Like many, my first exposure to Godzilla wasn’t this film, and it wasn’t even the massively overhyped Matthew Broderick-starring remake of 1998. It was something that seeped into the culture, ironically like some sort of radiation. About the zillionth time it got name-checked, parodied, saluted, or sent-up, all its major components could be inferred.
Chief among the collective critiques of the film was that the monster looks fake. This isn’t just a longing for modern-day effects, either: Both “The Day the Earth Stood Still” of 1951 and “King Kong” of 1933 feel more convincing and poetic in appearance.

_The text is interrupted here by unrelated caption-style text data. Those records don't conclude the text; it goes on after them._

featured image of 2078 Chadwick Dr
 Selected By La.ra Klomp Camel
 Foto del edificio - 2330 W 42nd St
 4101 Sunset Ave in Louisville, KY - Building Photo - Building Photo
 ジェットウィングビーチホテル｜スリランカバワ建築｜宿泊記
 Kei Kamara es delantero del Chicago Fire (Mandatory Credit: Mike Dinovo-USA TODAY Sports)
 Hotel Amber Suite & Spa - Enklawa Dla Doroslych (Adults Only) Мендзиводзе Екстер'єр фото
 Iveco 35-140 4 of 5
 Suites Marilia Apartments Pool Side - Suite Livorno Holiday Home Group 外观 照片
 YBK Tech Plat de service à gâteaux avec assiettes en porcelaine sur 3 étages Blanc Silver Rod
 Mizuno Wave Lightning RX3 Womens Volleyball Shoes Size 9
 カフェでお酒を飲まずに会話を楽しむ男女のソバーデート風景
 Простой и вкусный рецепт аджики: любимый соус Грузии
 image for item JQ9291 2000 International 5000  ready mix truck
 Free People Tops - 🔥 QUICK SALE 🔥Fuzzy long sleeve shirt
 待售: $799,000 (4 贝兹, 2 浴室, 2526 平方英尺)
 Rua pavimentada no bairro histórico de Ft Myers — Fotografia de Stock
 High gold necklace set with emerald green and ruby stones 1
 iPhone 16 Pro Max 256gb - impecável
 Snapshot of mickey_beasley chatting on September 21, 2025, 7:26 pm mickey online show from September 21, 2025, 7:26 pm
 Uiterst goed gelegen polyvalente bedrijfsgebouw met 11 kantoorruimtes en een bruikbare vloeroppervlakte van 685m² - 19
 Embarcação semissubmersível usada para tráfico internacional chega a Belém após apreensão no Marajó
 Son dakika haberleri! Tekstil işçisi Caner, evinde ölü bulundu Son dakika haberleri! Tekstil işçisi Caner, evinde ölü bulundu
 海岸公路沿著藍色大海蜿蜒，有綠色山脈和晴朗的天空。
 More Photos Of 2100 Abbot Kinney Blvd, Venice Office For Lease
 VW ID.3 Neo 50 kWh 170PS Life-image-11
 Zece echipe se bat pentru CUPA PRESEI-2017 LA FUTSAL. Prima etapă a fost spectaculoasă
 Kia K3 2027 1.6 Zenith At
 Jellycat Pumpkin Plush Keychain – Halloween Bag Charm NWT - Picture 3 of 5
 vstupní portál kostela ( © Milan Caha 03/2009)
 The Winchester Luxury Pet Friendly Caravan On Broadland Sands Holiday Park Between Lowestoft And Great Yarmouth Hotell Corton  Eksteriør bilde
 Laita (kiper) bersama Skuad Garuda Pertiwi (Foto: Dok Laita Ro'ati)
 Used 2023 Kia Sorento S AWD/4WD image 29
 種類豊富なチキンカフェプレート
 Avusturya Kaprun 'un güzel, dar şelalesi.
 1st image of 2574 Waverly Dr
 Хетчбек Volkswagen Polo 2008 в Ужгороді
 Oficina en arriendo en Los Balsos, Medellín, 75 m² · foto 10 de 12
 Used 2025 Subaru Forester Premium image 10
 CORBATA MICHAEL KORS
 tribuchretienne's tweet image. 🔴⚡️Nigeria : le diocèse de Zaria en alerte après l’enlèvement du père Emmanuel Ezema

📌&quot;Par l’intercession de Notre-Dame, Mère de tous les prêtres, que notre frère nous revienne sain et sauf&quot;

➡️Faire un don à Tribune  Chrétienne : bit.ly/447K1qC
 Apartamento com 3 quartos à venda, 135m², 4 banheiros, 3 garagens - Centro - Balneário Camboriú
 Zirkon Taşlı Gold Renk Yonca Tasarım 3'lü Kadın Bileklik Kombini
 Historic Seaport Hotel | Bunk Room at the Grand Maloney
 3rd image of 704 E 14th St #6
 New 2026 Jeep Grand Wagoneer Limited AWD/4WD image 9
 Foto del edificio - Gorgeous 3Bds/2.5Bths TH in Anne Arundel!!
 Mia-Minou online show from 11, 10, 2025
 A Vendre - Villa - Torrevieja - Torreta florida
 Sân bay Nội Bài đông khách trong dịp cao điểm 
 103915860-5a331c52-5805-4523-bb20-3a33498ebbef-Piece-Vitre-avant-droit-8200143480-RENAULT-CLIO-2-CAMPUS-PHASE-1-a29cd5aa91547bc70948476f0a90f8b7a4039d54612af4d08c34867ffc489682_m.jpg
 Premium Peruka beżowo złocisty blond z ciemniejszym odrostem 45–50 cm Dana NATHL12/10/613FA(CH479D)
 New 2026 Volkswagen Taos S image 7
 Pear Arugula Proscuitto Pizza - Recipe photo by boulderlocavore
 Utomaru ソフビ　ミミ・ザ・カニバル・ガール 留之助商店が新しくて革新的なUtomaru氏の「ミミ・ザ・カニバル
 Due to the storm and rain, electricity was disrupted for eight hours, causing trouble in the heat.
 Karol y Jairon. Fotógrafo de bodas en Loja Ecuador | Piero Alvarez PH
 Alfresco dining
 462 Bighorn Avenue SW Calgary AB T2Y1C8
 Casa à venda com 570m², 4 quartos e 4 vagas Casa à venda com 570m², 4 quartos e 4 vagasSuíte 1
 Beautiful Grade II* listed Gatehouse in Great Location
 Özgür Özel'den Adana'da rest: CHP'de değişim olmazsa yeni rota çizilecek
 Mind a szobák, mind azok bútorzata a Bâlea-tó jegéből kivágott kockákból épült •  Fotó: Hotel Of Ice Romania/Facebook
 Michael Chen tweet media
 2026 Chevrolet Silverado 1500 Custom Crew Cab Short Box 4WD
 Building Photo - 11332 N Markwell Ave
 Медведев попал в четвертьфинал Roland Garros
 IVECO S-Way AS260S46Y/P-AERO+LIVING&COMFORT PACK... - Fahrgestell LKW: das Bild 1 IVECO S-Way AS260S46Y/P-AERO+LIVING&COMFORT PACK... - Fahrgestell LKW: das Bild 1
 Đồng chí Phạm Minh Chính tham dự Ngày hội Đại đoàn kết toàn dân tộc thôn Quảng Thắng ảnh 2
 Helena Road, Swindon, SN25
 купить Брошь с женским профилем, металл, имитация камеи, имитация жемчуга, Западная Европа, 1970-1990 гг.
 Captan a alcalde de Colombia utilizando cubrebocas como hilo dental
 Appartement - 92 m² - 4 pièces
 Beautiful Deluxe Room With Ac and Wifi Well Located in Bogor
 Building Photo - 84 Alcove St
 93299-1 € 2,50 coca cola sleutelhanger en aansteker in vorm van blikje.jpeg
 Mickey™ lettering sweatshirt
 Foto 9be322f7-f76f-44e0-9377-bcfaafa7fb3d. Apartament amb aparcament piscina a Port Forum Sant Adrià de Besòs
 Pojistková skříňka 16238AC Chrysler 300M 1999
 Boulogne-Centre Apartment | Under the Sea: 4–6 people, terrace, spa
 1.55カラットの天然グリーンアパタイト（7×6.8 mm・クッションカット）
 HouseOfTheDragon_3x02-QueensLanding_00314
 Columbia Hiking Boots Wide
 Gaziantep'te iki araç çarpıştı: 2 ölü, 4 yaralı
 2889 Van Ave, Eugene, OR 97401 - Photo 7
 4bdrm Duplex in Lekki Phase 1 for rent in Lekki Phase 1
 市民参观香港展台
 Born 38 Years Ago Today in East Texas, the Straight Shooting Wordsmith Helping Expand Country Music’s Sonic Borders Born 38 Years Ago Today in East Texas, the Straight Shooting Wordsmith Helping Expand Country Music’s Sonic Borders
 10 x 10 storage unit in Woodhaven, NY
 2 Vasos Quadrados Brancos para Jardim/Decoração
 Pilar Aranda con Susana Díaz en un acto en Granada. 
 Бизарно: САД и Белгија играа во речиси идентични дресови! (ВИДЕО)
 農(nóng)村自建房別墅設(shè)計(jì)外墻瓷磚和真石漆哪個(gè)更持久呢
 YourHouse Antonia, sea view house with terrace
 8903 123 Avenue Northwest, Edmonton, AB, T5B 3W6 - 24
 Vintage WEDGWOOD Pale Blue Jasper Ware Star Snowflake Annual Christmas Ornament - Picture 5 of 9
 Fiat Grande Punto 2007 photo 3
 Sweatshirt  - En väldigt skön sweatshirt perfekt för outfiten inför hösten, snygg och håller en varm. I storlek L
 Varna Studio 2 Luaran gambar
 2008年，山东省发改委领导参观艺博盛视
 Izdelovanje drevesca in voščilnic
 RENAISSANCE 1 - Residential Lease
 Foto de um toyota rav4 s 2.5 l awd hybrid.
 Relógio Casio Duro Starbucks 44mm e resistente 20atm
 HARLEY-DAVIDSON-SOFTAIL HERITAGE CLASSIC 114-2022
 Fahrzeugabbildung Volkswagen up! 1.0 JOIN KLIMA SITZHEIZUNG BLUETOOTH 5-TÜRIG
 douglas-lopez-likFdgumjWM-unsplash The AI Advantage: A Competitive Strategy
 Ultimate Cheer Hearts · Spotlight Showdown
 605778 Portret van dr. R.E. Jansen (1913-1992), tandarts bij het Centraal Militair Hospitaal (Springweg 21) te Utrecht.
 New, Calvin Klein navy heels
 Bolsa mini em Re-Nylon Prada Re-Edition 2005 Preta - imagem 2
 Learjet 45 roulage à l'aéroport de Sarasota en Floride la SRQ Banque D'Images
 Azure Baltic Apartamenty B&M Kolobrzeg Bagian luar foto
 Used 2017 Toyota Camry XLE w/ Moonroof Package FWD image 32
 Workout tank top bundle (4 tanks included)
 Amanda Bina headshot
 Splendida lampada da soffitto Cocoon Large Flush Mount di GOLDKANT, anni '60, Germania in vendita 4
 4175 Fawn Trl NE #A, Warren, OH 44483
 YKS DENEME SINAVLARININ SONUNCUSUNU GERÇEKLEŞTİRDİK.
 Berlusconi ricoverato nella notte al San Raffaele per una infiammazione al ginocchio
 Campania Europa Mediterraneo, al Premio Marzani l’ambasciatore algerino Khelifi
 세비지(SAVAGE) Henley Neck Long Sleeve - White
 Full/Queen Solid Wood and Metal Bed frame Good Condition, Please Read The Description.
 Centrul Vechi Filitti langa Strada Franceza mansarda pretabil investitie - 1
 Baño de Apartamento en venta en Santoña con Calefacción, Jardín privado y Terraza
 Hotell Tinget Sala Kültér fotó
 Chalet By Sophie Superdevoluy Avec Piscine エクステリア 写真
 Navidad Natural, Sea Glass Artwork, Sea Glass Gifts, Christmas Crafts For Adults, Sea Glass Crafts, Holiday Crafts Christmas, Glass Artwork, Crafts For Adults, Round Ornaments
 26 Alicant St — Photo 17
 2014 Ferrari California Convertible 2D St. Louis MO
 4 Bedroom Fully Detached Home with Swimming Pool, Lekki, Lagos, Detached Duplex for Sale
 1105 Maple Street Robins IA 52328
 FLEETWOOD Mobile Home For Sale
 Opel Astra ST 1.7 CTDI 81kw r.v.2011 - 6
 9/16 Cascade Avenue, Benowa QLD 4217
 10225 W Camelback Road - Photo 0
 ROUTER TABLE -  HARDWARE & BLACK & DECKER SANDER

Attempting to explain Godzilla’s Jurassic period origin, a scientist mentions the brontosaurus, a dinosaur believed at the time to exist but actually discovered later to be the parts of two different dinosaurs mashed together.
Those same sentiments came to me while watching screaming Tokyo residents scream in terror with apocalyptic radio broadcasts blaring, as the lizard guy posed sillily over a model train.
Regardless of the lizard itself, or rather despite it, “Godzilla” is effective in portraying a sense of dread about Japanese society. Released less than 10 years after the bombings of Hiroshima and Nagasaki and while nuclear tests off the coast of the Pacific Islands were still the norm, the fall out is palpable.
Much could be said, perhaps negatively, about the old-man who connects Godzilla’s appearance with the loss of Japanese traditional culture. Remember, it was this culture spun out of control that had just recently lead to horrific war crimes committed in China. When “Godzilla” was being released, those guilty parties were just being released from prison.
That said, “Godzilla” is also seen as the byproduct of the mad pursuit of progress. Some might see it as insensitive, but I can’t help but point to the fact the film ends with a call for the end to nuclear testing.
It’s so poignant considering the March 2011 disaster at Fukushima, where a nuclear plant meltdown occurred after an earthquake and tsunami.
If a film is willing to make such a direct call for action, whether correct or not, and then a cataclysmic effect happens when the call is not heeded, one cannot blame the art.
Even if the art is mostly about a giant rubber dinosaur.